2013/11/5 誇り持てる産業へ-全建ブロック会議を振り返る・上/今こそ中長期ビジョン必要

【建設工業新聞 11月 5日 1面記事掲載】

◇明るい兆しを確たるものへ
全国建設業協会(全建、淺沼健一会長)と国土交通省などによる13年度の地域懇談会・ブロック会議が、10月31日の九州地区で全日程を終えた。建設投資に追い風が吹き始める一方で、建設業の中長期の先行きには不安も横たわる。将来にわたって国民の安全・安心を守る役割を果たしていくには何が必要か。本年度の会合から見えてきた課題を報告する。(編集部・牧野洋久)

「昨年と比べて明らかに雰囲気が変わった。共に改善を目指そうという具体的な議論ができたことで、官民パートナーシップ体制がより強固になった」。淺沼会長は一連の会合をこう振り返った。

各地区の会合では、地元の建設業協会から「建設業の将来に向かっても明るい話題が出てきている」(愛知建協の増永防夫会長)、「公共事業の減少傾向に歯止めが掛かり、マインドが上向きつつある」(石川建協の北川義信会長)といった声が上がった。

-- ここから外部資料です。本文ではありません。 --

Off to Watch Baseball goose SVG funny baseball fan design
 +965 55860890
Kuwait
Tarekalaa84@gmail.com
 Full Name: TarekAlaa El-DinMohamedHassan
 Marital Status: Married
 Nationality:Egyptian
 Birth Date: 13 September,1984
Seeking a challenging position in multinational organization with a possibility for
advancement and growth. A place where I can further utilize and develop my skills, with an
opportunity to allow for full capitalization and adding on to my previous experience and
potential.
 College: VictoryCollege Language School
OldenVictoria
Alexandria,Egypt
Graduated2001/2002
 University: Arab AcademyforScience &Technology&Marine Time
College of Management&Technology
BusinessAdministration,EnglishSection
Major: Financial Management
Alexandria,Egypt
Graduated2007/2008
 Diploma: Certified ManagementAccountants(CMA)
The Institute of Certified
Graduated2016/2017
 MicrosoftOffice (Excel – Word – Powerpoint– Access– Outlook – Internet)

東日本大震災の復興本格化、全国的な防災・減災を目指す国土強靱(きょうじん)化、インフラ老朽化対策、そして政権交代と、建設業界をめぐる環境はこの1年で大きく動いた。状況が悪化する一方だった昨年までとは様変わりといってもよい。

だが、危機感が払しょくされたわけではない。広島建協の檜山典英会長は中国地区の会合で、「建設投資は増加傾向にあるが、一方で人材不足やコスト上昇は顕著で厳しい経営が続いている。東日本大震災の復興事業や東京五輪に向けた投資がわれわれの地方にマイナスに影響することが懸念される」と表明。香川建協の森田紘一会長も四国地区の会合で「地域建設業は、長年にわたる投資の減少や地域経済の低迷で疲弊し、技能労働者の減少で企業活動にも支障を来している」と窮状を訴えた。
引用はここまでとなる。